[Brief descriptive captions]
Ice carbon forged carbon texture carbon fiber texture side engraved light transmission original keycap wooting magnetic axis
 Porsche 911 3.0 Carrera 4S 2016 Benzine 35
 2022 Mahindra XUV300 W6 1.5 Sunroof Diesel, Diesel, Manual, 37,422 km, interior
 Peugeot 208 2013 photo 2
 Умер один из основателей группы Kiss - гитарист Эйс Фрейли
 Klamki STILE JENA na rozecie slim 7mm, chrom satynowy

- REQUIRED ACTION -
Exactly as shown above, return all of the entries.

- RESULT FOR THIS EXERCISE -
Ice carbon forged carbon texture carbon fiber texture side engraved light transmission original keycap wooting magnetic axis
 Porsche 911 3.0 Carrera 4S 2016 Benzine 35
 2022 Mahindra XUV300 W6 1.5 Sunroof Diesel, Diesel, Manual, 37,422 km, interior
 Peugeot 208 2013 photo 2
 Умер один из основателей группы Kiss - гитарист Эйс Фрейли
 Klamki STILE JENA na rozecie slim 7mm, chrom satynowy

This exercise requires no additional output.